2

Issue description:

On bootup we trigger the service initialization script that is shown below. The script is a part of Instance User Data.

This script copies the necessary service/timer things to systemd folder and starts a timer.

From time to time after reboot our timers are not working and stays in N/A.

The sudo systemctl restart cleanup.timer command does not help.

Only sudo systemctl stop cleanup.timer and then sudo systemctl start cleanup.timer works.

We have this problem not only with a particular timer. We got lot of timers with almost same structure and initialization service. All timers are loaded but some of them can be in active (elapsed) status and not working.

Our setup:

We run Ubuntu 18.04 LTS.

We have this service initialization script:

sudo cp <BASIC PATH>/services/cleanup.service /etc/systemd/system/cleanup.service
sudo cp <BASIC PATH>/services/cleanup.timer /etc/systemd/system/cleanup.timer
sudo systemctl daemon-reload
sudo systemctl start cleanup.timer

And this cleanup.service:

[Unit]
Description=Service to cleanup things
Requires=docker.service
After=docker.service

[Service]
ExecStart=<<SHELL COMMAND>>

And this cleanup.timer:

[Unit]
Description=Timer for service to cleanup things

[Timer]
OnBootSec=1min
OnUnitActiveSec=1800sec
AccuracySec=5sec

[Install]
WantedBy=timers.target

Now check these commands:

> sudo systemctl list-timers
NEXT                         LEFT          LAST                         PASSED       UNIT                         ACTIVATES
n/a                          n/a           n/a                          n/a          cleanup.timer                cleanup.service
> sudo systemctl status cleanup.timer
● cleanup.timer - Timer for service to cleanup things
   Loaded: loaded (/etc/systemd/system/cleanup.timer; disabled; vendor preset: enabled)
   Active: active (elapsed) since Wed 2021-11-17 21:07:22 UTC; 11h ago
  Trigger: n/a

Nov 17 21:07:22 ip-XX-XX-XX-XX systemd[1]: Started Timer for service to cleanup things.

Question:

What could be the reason of this situation and how to avoid it?

Cjoerg
  • 21
  • 4

2 Answers2

1

I looks like you forgot to enable the timer.

systemctl start <unit> starts that timer right now (ie when you first install it and want it to run).

systemctl enable <unit> doesn't start the unit now but sets up the relevant hooks so the unit is started based on what is in the unit file...

e.g. timer will start after reboot because of...

[Install]
WantedBy=timers.target

running the service initialization script on every boot?

On bootup we trigger the service initialization script... We have this service initialization script:

That clearly isn't running successfully because the init script is supposedly running systemctl start cleanup.timer but the cleanup.timer hasn't run or failed in 11 hours.

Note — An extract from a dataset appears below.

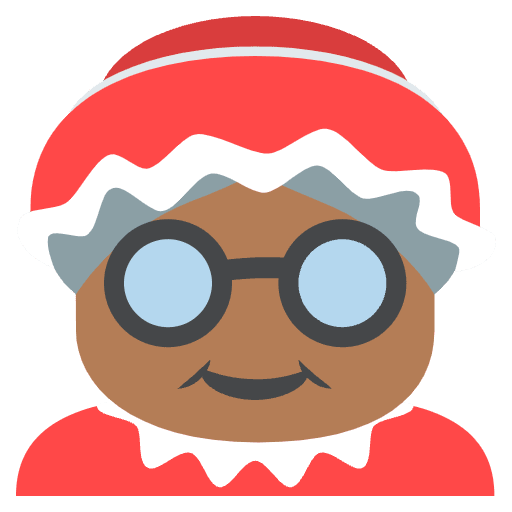 Mrs. Claus Medium Dark Skin Tone Emoji from EmojiTwo Colors Set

So I would look at the logs around your init script to see what is failing and why. Could be your init script is running before docker is available or something like that.

mattpr
  • 561
  • 3
  • 8
  • As I understood the docs, main profit of `enable` was reboot persistence so the service will be started automatically by system. But because `User data` scripts do `start` at each boot I saw no reason to do `enable`. Anyway thanks, will check and test this out. About `service initialization script on every boot`. Each of them contains `set -e` at the beginning of script. So it should fail if any of the next commands exits with a non-zero status, but this has not happened. – Cjoerg Nov 29 '21 at 13:04
  • About `Could be your init script is running before docker is available or something like that.`. It is strange because all my systemctl services contains `Requires=` and `After=` options and this should force services to wait until necessary is available. Also there was situations when in the same time part of services with same options was working fine and another part of them was not. – Cjoerg Nov 29 '21 at 13:05
  • I can only comment on what it obvious from what you posted. Your init script says to start the timer, but `journalctl -u ` shows it has not run in 11 hours. So either the `systemctl`/`journalctl` is wrong (not likely) or your init script is not actually starting the timer for some reason (more likely). So I would be adding more debug/logging to your init script and taking a look at that over a series of reboots. If you can post more I might be able to help more. – mattpr Nov 29 '21 at 13:41
0

I'm not still familiar with systemd but as far as I know PATH environment ain't yet available on boot-up thus some scripts and program set the PATH environment firsts. Assuming your service runs whenever you run it on console, this would be always the case.

Kenkoy
  • 11
  • 2